Increasingly concerned, the Boston controller tried repeatedly over the next nine minutes to raise the flight and check the status of his own equipment. At 8:21, the plane changed course and someone turned off its transponder – severely limiting controllers ability to judge its position, speed or even to identify it accurately.

At 8:18, unbeknownst at the time to the controllers, a telephone rang at an American Airlines office almost a thousand miles away, in the town of Cary, North Carolina. The woman calling was a senior Flight 11 attendant, forty-five-year-old Betty “Bee” Ong.

Using a seatback Airfone, Ong  had dialed a number  that  crews knew well – they used it to help passengers with onward travel plans. When she got through, finally, to an American Airlines ground supervisor named Nydia Gonzalez, she sounded “calm, professional, and poised. The first four and a half minutes of Ong’s call, the standard  duration  of the recording  system at American, tell the tale.

I’m in my jumpseat, that’s 3R….My name is Betty Ong, I’m number  3 on Flight 11….The cockpit’s not answering their phone. Somebody’s stabbed in business class and, ah, I think there’s Mace that we can’t breathe. I don’t know. I think we’re getting hijacked . . . Somebody is coming back from business . . . hold on for one second . . . Karen and Bobbi got stabbed. [This last sentence, the tape shows, was spoken by a fellow attendant close by.] . . . Our number 1 got stabbed . . . our galley flight attendant and our purser has been stabbed. And we can’t get into the cockpit. The door won’t open.

“Karen” was lead flight attendant Karen Martin, “Bobbi” her backup BarbaraArestegui. Martin, Ong said, lost consciousness, then came around and was being given oxygen. Arestegui appeared not to be seriously injured.  The passenger in First Class Seat 9B, however, appeared to be dead.

The  man in Seat 9B had perhaps tried to intervene  and fight the hijackers. He was Daniel Lewin, an American-Israeli who had served in a crack Israeli commando unit. Lewin spoke Arabic, and may have understood before anyone else what the hijackers intended. Ong said the passenger  in Seat 10B, directly  to his rear,  had stabbed  Lewin to death. The man in 10B was one of the five young Arabs who had boarded that  morning.  The killer and  another  hijacker,  Ong said had gotten had gotten  into the cockpit. The sound of “loud arguing” had been heard.
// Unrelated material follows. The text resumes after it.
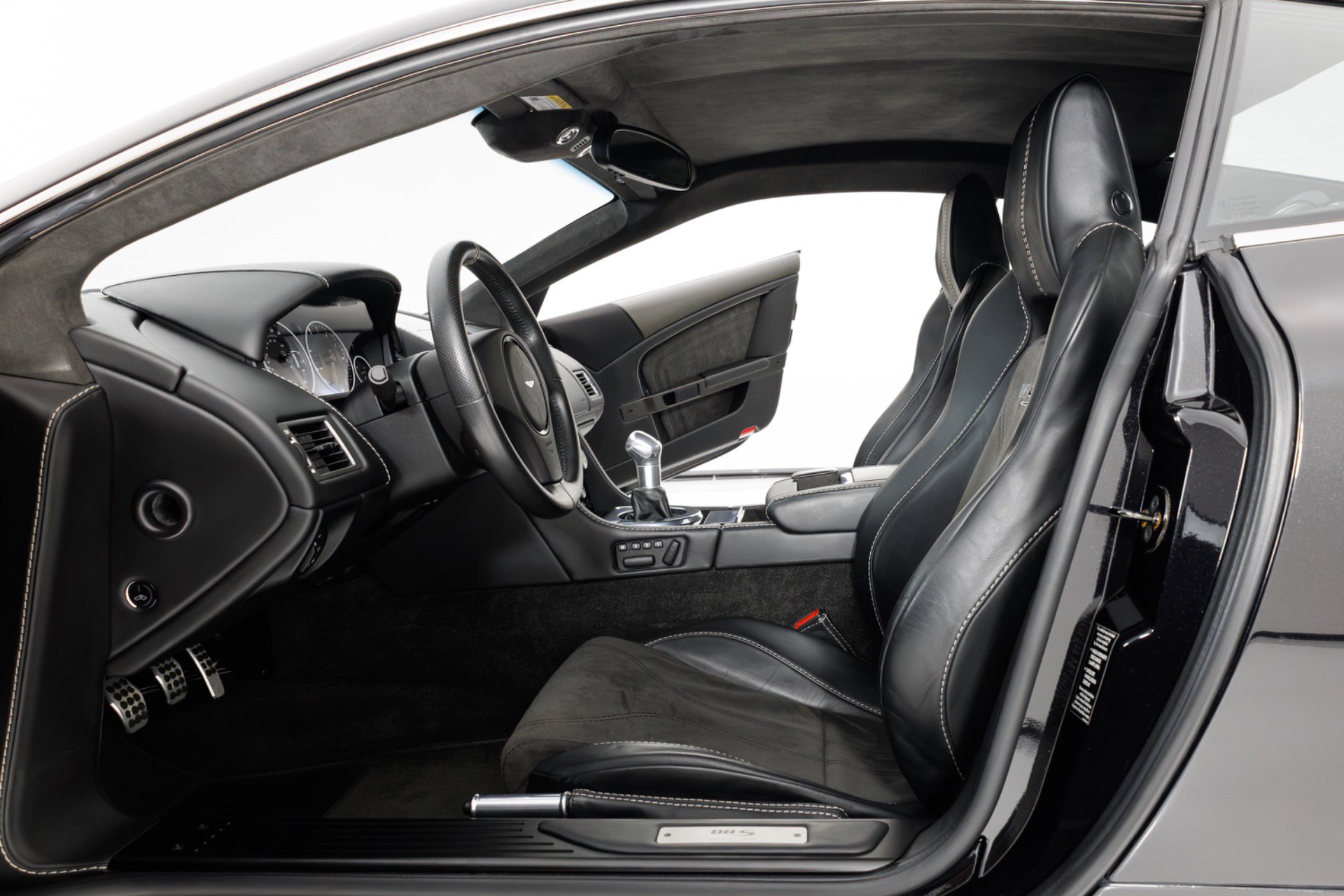 Used 2009 Aston Martin DBS Coupe RWD image 14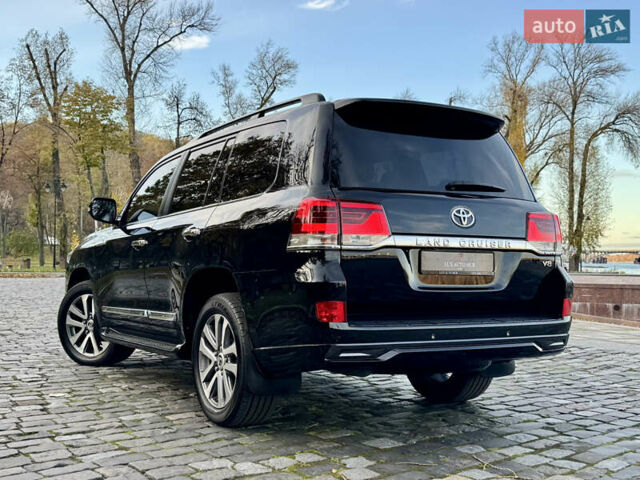 Чорний Тойота Ленд Крузер, об'ємом двигуна 4.46 л та пробігом 260 тис. км за 49999 $, фото 156 на Automoto.ua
There is no knowing exactly how or when the hijackers erupted into the cockpit. “There was no warning to be more vigilant,” Captain Ogonowski’s wife Peg would later say ruefully. “These people come in behind him. He’s sitting low, forward, strapped in – the same with his co-pilot. No warning…”

Ogonowski and co-pilot Tom McGuiness had been trained not to respond to force with force. FAA policy instructed pilots to “refrain from trying to overpower or negotiate with hijackers, to land the aircraft as soon as possible, to communicate with authorities, and to try delaying tactics.”

At 8:32, using a borrowed calling card, Ong’s colleague Amy Sweeney placed a call back to the American office back at Logan. She began speaking with duty manager Michael Woodward.

Sweeney said the hijackers had “boxes connected with red and yellow wire” – a bomb, she thought. One, she said, spoke no English. So far, passengers in Coach seemed unaware of what was going on.

As Ong talked on,  Nydia Gonzalez passed on what she learned to American’s security office in Texas.

“American Airlines Emergency line. Please state your emergency.”

“This is Nydia, American Airlines, calling. I’m monitoring a call from a flight attendant on Flight 11. …She is advising that the pilots…everyone’s been stabbed. They can’t get into the cockpit. That’s what I’m hearing.”

“Who’s this I’m talking to?”

Raleigh, [Carolina] Ops. Center.”

“What was your name again?”

“Nydia.””

“Last name?”

“Gonzalez. [spells] We’ve got a flight attendant on the line one of our agents.”

“I’m assuming you are declaring an emergency. Let me get APC on here…”

“Betty, you’re doing a great job. Just stay calm, okay….We are absolutely. We’re contacting the flight now. We’re also contacting APC.”….

“Is there a doctor on board?” “You don’t have any doctors on board….”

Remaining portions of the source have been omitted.